**EXERCISE GOAL:** Each line of the data below goes into the copy exactly; pictures do not.

**GIVEN DATA:**
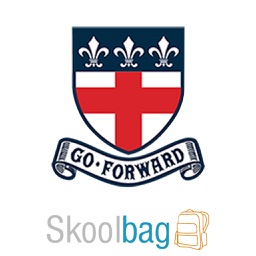 Guildford Grammar School - Skoolbag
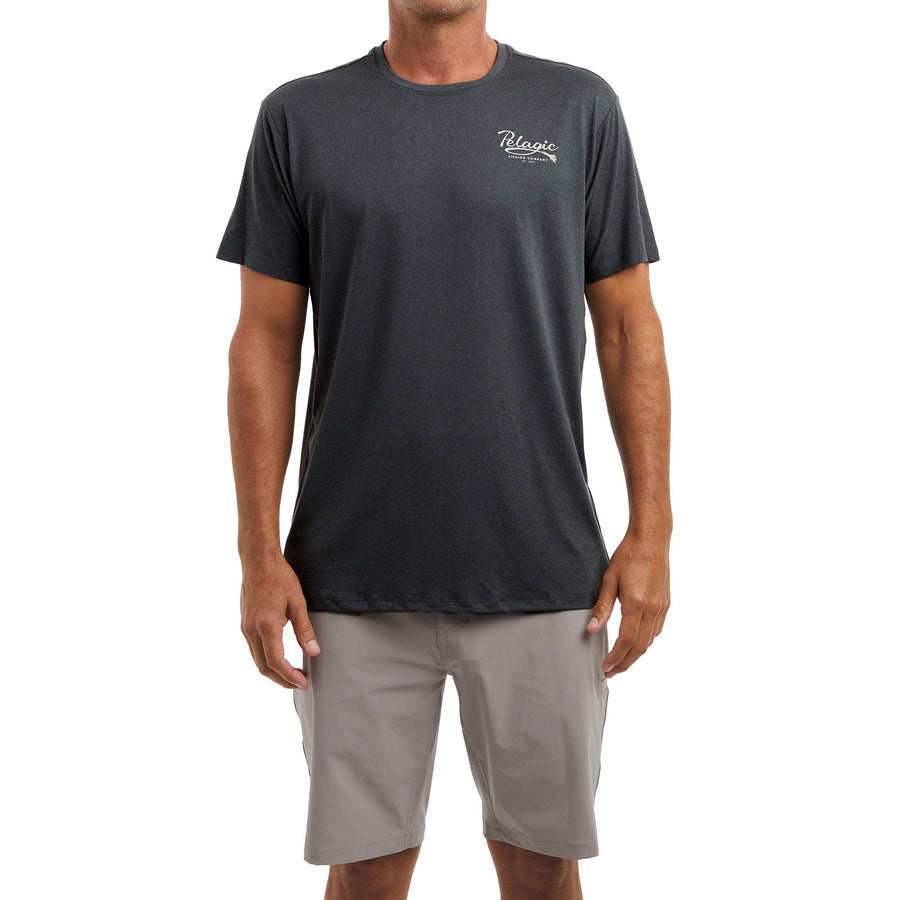 Freespool Teaser Performance Shirt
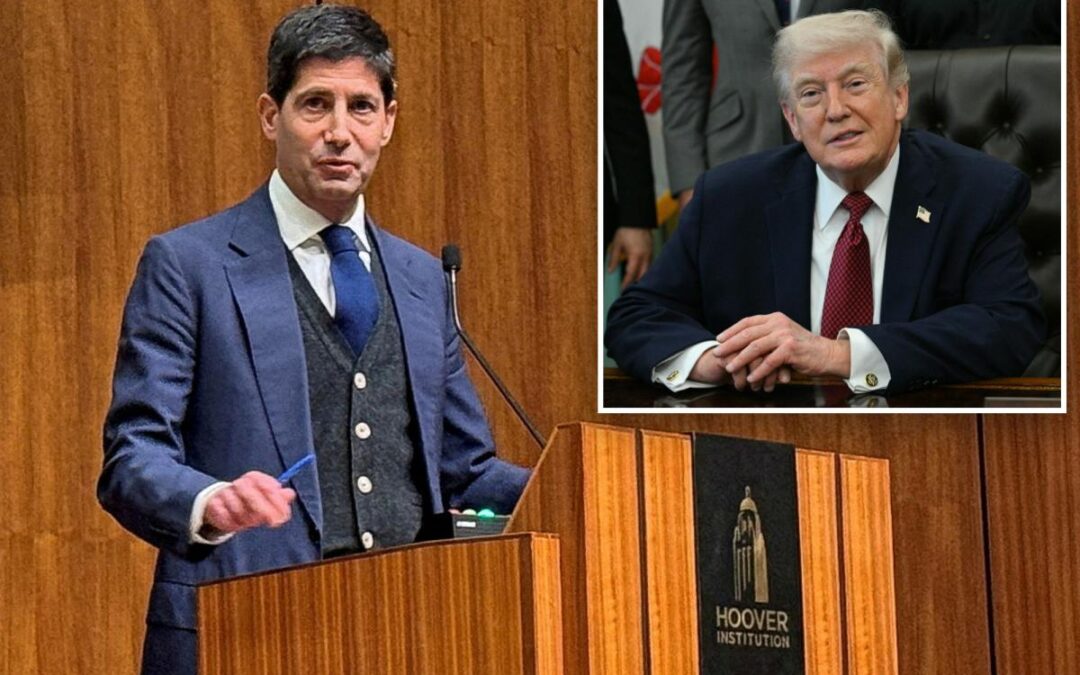 Fed nominee Kevin Warsh to face Senate grilling over independence, interest rates at Tuesday confirmation hearing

**EXPECTED ANSWER:**
 Guildford Grammar School - Skoolbag
 Freespool Teaser Performance Shirt
 Fed nominee Kevin Warsh to face Senate grilling over independence, interest rates at Tuesday confirmation hearing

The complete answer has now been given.